----- EXCERPTED DATA -----

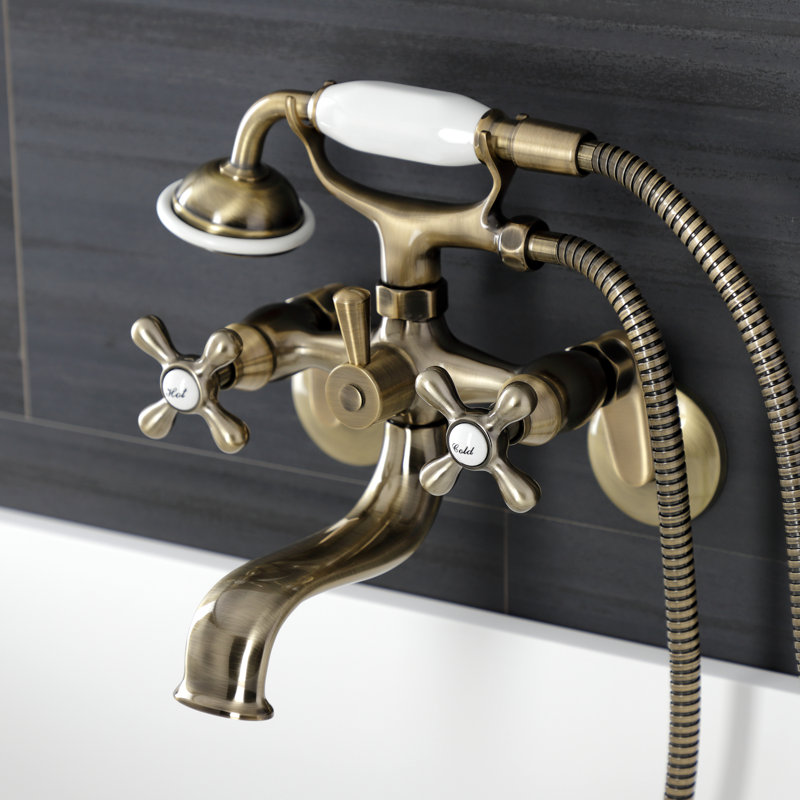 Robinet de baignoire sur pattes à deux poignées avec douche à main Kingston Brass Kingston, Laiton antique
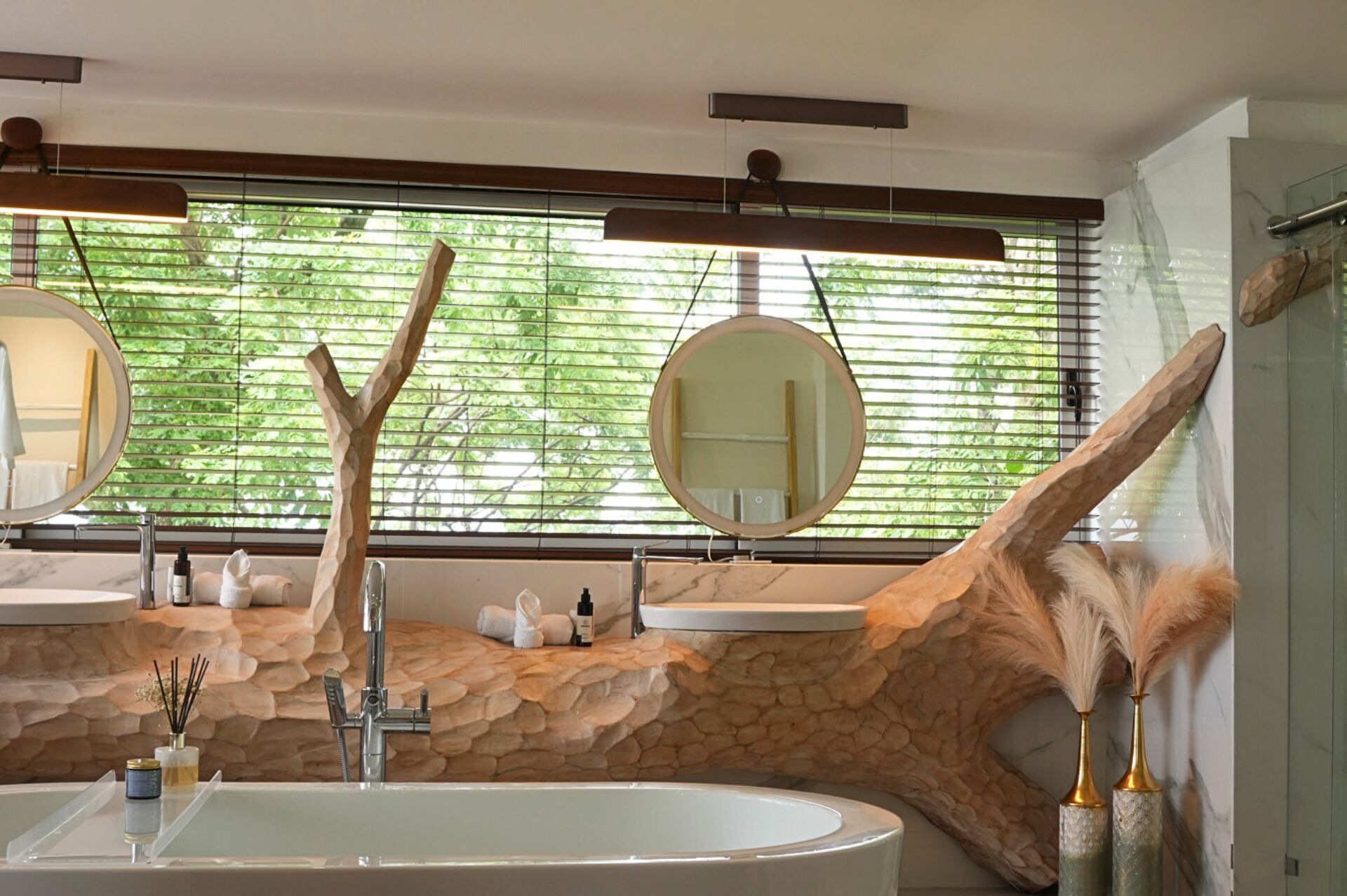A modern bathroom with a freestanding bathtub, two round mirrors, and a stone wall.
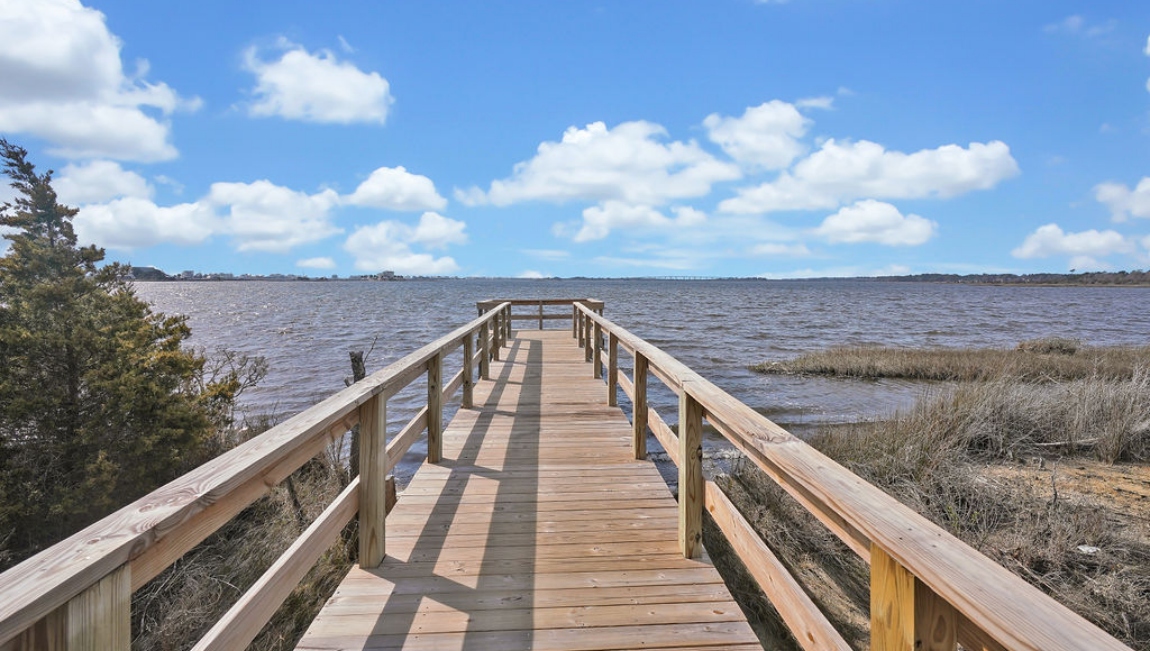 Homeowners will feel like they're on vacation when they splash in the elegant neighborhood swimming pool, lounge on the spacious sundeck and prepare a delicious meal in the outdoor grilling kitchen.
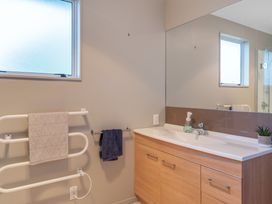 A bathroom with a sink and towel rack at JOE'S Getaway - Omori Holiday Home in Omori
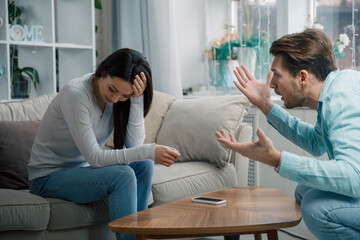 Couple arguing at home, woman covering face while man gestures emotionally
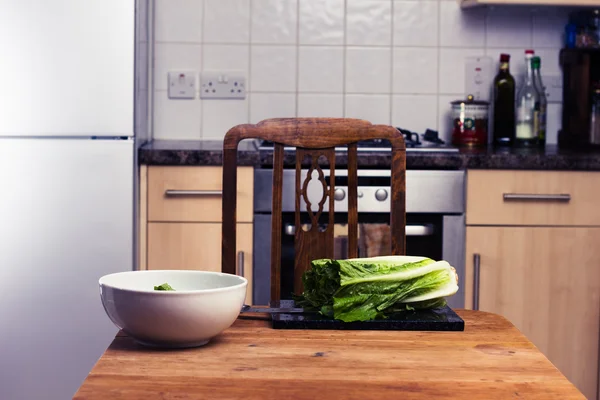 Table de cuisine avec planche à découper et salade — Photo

-----

Emit an exact copy of the lines from the line bearing "Couple arguing at" through the last line above, inclusive, and leave the images out.

### ANSWER TO THE PROBLEM
 Couple arguing at home, woman covering face while man gestures emotionally
 Table de cuisine avec planche à découper et salade — Photo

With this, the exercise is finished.